Album Reviews

Van Morrison

The Authorized Bang Collection

Artist:     Van Morrison

Album:     The Authorized Bang Collection

Label:     Legacy Recordings

Release Date:     4.28.2017

96

 

Van the Man’s latest is far from that; instead it’s a huge, engrossing, triple album release that features loads of material that reaches way back in time, a back-back-catalogue of sorts almost. That said, there’s a fair bit of material here that, I for one—thinking I knew my way around the Irish icon’s stuff—had never previously come across. The triple-set includes many original masters, a fair bit of previously unreleased material and the first official release of the much-bootlegged ‘Contractual Obligation Sessions’ which concluded Morrison’s time with top producer Bert Bern and Bang Records in 1967.

However, with a collection of this sheer scale there’s an inevitable creep of just maybe too many alternative studio takes of his recorded material. Everyone loves Morrison’s old classic standard, “Brown Eyed Girl,” a thumping, melodic number that would in itself merit inclusion and a tip of the hat to the guy’s writing and performing genius. But do we really need, by my count, four covers? The answer is: Maybe.  The covers include original stereo and mono single mixes as recorded by Bang Records in the 1960s, and show a development of the aural search Morrison and producer Bert Bern, aimed for in the New York studio.

Morrison is one of those enormously talented guys, with a heart and beat that still, even after all these years and decades, owes is strength to R&B, soul and rock from the defining, liberated ‘60s.

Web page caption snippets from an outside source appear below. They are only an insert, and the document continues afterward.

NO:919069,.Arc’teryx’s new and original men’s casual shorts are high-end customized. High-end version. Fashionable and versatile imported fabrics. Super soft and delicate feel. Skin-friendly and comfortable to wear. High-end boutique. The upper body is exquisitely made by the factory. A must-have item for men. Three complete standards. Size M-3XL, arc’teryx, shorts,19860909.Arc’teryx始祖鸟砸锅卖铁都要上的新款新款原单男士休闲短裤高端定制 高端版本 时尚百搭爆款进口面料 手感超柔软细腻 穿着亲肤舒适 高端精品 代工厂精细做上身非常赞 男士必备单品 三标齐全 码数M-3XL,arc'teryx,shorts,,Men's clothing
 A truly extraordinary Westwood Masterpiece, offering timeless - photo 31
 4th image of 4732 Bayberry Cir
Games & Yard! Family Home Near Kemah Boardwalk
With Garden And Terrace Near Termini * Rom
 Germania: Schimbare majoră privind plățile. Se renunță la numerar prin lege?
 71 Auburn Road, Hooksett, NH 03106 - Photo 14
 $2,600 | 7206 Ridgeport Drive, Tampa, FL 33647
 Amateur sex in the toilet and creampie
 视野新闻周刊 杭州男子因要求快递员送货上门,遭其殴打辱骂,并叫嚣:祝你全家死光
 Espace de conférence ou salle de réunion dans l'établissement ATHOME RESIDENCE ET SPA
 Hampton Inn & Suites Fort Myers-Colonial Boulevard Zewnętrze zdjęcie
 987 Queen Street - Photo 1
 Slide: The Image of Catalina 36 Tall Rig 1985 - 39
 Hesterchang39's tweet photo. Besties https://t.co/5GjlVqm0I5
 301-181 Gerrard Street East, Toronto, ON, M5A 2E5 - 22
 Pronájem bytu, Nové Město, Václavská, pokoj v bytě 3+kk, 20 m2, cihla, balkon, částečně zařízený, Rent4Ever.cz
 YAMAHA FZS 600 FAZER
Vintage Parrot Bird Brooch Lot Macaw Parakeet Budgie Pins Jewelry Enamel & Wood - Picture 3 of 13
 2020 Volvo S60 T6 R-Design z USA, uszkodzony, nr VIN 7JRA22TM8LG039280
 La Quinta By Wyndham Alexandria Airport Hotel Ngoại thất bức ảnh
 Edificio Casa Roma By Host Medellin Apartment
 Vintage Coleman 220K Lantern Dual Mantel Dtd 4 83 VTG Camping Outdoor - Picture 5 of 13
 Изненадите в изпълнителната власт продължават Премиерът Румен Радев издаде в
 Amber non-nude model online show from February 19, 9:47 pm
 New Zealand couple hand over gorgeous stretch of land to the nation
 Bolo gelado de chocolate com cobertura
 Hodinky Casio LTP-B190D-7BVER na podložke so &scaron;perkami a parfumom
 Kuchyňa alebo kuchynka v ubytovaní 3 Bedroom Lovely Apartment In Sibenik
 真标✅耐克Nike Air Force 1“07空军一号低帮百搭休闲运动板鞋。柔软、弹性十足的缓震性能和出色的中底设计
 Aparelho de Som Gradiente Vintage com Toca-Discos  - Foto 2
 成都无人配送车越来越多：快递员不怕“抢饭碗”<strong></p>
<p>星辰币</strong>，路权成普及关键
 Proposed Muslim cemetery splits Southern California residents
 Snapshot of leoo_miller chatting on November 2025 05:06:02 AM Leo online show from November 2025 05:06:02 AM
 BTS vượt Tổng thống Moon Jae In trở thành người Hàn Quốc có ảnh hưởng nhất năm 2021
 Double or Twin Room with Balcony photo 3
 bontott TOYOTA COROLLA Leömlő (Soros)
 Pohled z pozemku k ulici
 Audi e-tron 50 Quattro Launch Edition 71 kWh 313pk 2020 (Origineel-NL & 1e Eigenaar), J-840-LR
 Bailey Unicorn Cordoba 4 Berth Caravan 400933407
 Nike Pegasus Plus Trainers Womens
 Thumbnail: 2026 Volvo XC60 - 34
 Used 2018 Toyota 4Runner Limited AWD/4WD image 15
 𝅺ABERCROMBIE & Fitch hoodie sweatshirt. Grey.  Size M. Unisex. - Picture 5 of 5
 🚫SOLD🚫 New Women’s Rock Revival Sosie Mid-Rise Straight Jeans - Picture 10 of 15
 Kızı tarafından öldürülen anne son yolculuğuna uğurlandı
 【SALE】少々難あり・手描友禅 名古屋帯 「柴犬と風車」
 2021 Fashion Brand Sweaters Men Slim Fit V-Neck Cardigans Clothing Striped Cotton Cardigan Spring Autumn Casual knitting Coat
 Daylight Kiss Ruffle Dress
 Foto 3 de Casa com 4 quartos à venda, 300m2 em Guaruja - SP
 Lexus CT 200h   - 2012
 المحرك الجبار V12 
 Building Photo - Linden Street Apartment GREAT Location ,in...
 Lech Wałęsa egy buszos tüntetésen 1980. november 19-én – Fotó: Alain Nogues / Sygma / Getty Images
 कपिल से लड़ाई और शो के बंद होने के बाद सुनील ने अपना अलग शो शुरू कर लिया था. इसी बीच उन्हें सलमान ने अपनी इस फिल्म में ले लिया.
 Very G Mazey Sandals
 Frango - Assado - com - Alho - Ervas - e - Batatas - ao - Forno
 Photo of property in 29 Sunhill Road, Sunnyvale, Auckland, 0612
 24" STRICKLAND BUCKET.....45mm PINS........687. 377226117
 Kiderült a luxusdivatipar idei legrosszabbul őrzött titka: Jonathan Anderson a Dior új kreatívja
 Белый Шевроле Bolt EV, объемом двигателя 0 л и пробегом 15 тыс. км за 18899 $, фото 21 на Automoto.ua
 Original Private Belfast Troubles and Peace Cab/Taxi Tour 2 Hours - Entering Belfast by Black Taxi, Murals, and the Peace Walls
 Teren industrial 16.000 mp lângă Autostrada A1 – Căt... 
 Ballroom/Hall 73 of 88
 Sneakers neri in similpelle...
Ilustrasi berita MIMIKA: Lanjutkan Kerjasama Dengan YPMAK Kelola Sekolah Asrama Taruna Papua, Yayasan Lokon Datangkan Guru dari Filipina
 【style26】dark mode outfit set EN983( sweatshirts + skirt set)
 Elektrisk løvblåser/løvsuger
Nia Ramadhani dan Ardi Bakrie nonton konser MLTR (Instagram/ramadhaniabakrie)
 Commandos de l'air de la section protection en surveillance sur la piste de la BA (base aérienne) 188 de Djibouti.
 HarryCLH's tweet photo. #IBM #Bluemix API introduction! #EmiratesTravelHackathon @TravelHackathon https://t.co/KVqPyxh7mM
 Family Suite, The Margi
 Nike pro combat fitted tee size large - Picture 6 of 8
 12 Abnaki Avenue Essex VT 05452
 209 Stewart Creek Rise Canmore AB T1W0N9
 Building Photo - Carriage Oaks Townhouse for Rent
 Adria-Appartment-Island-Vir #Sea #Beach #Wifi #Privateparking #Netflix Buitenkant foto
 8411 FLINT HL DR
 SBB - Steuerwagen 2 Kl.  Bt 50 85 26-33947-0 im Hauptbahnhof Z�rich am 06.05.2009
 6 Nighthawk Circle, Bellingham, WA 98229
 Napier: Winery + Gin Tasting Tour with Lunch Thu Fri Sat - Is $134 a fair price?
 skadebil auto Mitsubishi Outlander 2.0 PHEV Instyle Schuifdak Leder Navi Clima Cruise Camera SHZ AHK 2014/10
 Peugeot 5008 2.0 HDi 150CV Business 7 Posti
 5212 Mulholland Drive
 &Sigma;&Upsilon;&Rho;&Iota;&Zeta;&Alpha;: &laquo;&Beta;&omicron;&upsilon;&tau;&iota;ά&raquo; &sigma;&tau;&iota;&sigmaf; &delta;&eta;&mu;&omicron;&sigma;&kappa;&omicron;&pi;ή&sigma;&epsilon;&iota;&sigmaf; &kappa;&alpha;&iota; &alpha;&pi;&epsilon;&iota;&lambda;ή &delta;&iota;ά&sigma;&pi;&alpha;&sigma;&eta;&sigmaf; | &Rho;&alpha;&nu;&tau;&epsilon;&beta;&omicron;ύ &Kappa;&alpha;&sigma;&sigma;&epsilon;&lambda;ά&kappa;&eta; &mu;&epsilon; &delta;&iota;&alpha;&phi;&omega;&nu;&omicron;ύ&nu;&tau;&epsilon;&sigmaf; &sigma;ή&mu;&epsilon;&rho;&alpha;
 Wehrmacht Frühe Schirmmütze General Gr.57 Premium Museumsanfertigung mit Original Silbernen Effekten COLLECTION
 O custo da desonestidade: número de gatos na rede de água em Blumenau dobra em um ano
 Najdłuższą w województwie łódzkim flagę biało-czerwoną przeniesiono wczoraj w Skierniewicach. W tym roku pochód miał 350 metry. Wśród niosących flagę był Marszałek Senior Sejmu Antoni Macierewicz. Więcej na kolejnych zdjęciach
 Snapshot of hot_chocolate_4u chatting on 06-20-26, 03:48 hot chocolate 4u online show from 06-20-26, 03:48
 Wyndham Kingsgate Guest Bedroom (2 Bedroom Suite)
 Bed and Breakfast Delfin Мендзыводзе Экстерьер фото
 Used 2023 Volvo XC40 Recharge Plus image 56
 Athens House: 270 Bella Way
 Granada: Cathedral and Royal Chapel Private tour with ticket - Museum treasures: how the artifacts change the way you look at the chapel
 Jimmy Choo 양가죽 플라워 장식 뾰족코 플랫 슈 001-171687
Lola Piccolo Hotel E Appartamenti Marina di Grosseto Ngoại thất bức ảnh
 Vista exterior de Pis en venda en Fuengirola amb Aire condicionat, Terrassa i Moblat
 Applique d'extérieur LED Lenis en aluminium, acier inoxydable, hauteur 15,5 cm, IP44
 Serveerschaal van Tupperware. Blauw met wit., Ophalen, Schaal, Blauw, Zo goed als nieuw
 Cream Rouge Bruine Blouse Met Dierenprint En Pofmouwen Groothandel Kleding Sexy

This release on Sony includes a vast treasury of material from those heady days when Morrison had just taken to winging it solo after finding fame and fortune as frontman with his boundary-pushing Irish cohorts, Them. The result is some absolutely tremendous music with that real, rippling, muscular roar of raw rock and rhythm &  blues essence.

For the countless souls who already idolise the guy, this will (despite the repeat versions of some tracks) be a totally unmissable 63-track release, a must-have to add to the collection. And who’s to say that’s a bad thing? Not me, for sure.